Canções e colorido que contagiam

O musical A Arca de Nóe, inspirado no livro de poemas de Vinicius de Moraes, em cartaz no Teatro Villa-Lobos, é um incontestável sucesso de público. O espetáculo, com texto e direção de Augusto Thomas Vannucci, faz duas sessões aos sábados e aos domingos, às 15h e às 17h, com casa lotada. Não por acaso, a plateia está repleta de crianças bem pequenas que são facilmente contagiadas pela vivacidade dos números musicais, pelo colorido do figurino e pelos atores mirins que ocupam o palco.

O fio condutor da história é a menina Maria, que, depois de um breve desentendimento com seu pai, motivado por sua desatenção na escola, vai para o quarto estudar. E como ela precisa fazer um trabalho sobre A Arca de Nóe, acaba levando para cama e, consequentemente, para o sonho, suas preocupações. O resultado disso é que durante a noite ela acaba vivendo uma fantástica aventura, que inclui Noé e os animais que ele transporta em sua arca.

Elenco com muitas crianças dá conta do recado

A Arca de Noé reúne 18 atores, num elenco formado em grande parte por crianças e adolescentes. E eles estão todos muito compenetrados em seu trabalho, dando conta direitinho do recado. Nesse elenco mirim, não se pode deixar de falar da menina Nathália França, que interpreta Maria. Ela demonstra um grande potencial para a carreira artística e, principalmente, para o canto: tem uma bela voz e é muito afinada.
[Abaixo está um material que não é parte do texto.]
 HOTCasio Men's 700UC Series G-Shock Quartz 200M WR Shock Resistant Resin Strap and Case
Entre os adultos, destaca-se Izabella Bicalho, que interpreta o macaco. Além de uma bela voz, demonstra toda uma preocupação com o trabalho corporal, que é muito bem realizado. Kadu Garcia, que vive Noé e a Porta, e Raul Serrador, Pai e Carlitos, estão bem em seus pequenos papéis.

Mas algumas observações não podem deixar de ser feitas sobre o espetáculo, principalmente em relação à direção de Augusto Thomas Vannucci. O material de divulgação do espetáculo diz que é utilizada uma “mistura das linguagens do teatro, do cinema e do circo para dar ao musical o ritmo ao qual as crianças de hoje estão habituadas”. Se é assim, deve-se dizer que a procura de tal ritmo nem sempre é bem-sucedida no palco.
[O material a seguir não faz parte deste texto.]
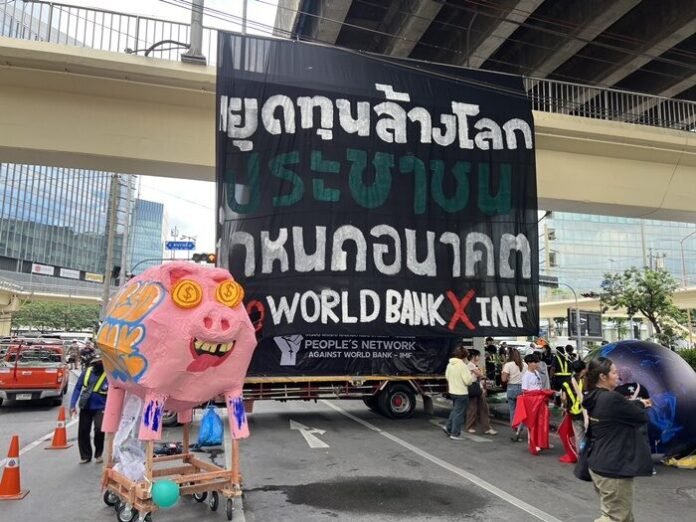 เครือข่ายต้าน IMF ปะทะเจ้าหน้าที่แยกพระราม 4 ปักหลักค้างคืนจี้รัฐบาลแจงผลประชุม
Parece que existe atualmente uma tendência na produção do teatro infantil carioca de utilizar a técnica do vídeo na cena. Algumas vezes, isso é feito com muito sucesso. Mas, no caso de A Arca de Noé, esse recurso, que certamente encarece a produção, poderia ser descartado. No musical, as, projeções competem o tempo todo com o que se passa no palco, chegando em algumas cenas, como a das abelhas, a do porco ou a do pai com a menina, a serem redundantes: não há sentido em mostrar na tela o que já está sendo encenado no palco. Nada contra os vídeos, que até são bem feitos. O problema é que eles são redundantes.

Já o recurso dos bonecos, confeccionados por Ricardo Denner para mostrar a caminhada da menina e de seus companheiros, está bem encaixado na peça. O cenário de Rosa Magalhães funciona adequadamente no espetáculo, o colorido dos figurinos de CarIa Reis preenche o vazio do grande palco do Villa-Lobos, e a iluminação de Rogério Wiltgen e Eduardo Salino parece recriar o clima circense pedido pelo diretor. As coreografias de Caio Nunes são compatíveis com as possibilidades do jovem elenco e a direção musical de André Protásio, competente. Em seu conjunto, A Arca de Noé agrada bastante ao público.